But here everyone behaves like this.

And this permanent background hum of punches and kickings and floggings occasionally rises to scenes of real horror. For example, in the barracks prison Švejk can hear other prisoners being beaten and tortured. He can hear the long, drawn-out screams of a prisoner whose ribs are being systematically broken (p.95).

And in the office of Judge Advocate Bernis are photos of the ‘justice’ recently meted out by Austrian soldiers in the provinces of Galicia and Serbia.
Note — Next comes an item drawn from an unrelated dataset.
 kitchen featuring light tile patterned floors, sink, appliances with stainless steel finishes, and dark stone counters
They were artistic photographs of charred cottages and trees with branches sagging under the weight of bodies strung up on them. Particularly fine was a photograph from Serbia of a whole family strung up – a small boy and his father and mother. Two soldiers with bayonets were guarding the tree, and an officer stood victoriously in the foreground smoking a cigarette. (p.93)

Goya’s drawings of the Horrors of war described all this a century earlier. What changed, maybe, was that the First World War was fought by civilian armies and so entire populations were subjected to horrors and atrocities with large numbers of soldiers either actively ordered to torture and murder civilians, or forced to stand by while it took place. Did anything like this happen in the West, I mean did the English army systematically torture and hang civilians in Flanders?
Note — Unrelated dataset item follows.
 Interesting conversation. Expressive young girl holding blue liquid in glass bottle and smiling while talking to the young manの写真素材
Kafka compared with Hašek – people

Bertolt Brecht pointed out that Josef Švejk is the identical twin but polar opposite of Kafka’s Joseph K.

Mulling over this remark, I realised this is because, for Kafka, other people barely exist: they are are sort of mirrors, or maybe extensions of the central protagonist’s own terror and anxiety, shadows dancing through the central figure’s endless nightmare.

Whereas Švejk’s life is full of other people – a steady stream of officials, doctors, police and army officers who try to break him, as well as the endless list of people he knows about or has met or heard or read about and who provide the subjects of the huge fund of stories, gossip and cheery anecdotes which he can produce at the drop of a hat to suit any situation.

So, at first sight they are indeed polar opposites – Kafka describes a haunted terrain of ghost figures, Hašek’s book is thronged with real substantial people, and can, up to a point, be taken as presenting a panoramic view of Austro-Hungarian society.

Austro-Hungarian bureaucracy

In chapter seven of The Castle the village mayor explains to K. how mistakes in the vast and complex bureaucracy up at the Castle have led to him being summoned to work as a Land Surveyor even though another department of the Castle had specifically cancelled this same request – but news of the cancellation didn’t come through in time. Now K is floating in limbo because the badly-run bureaucracy has both requested and not requested him, employed and not employed him: there is a reason for him being there, and no reason; hence his feeling of being a non-person, stuck in limbo.

Well, I was very struck when something almost identical happens in Chapter Nine of The Good Soldier Švejk. Here the narrator describes how Švejk comes up before Judge Advocate Bernis, and then proceeds to describe how, despite being ‘the most important element in military justice’, this Bernis is a masterpiece of ineptitude and incompetence.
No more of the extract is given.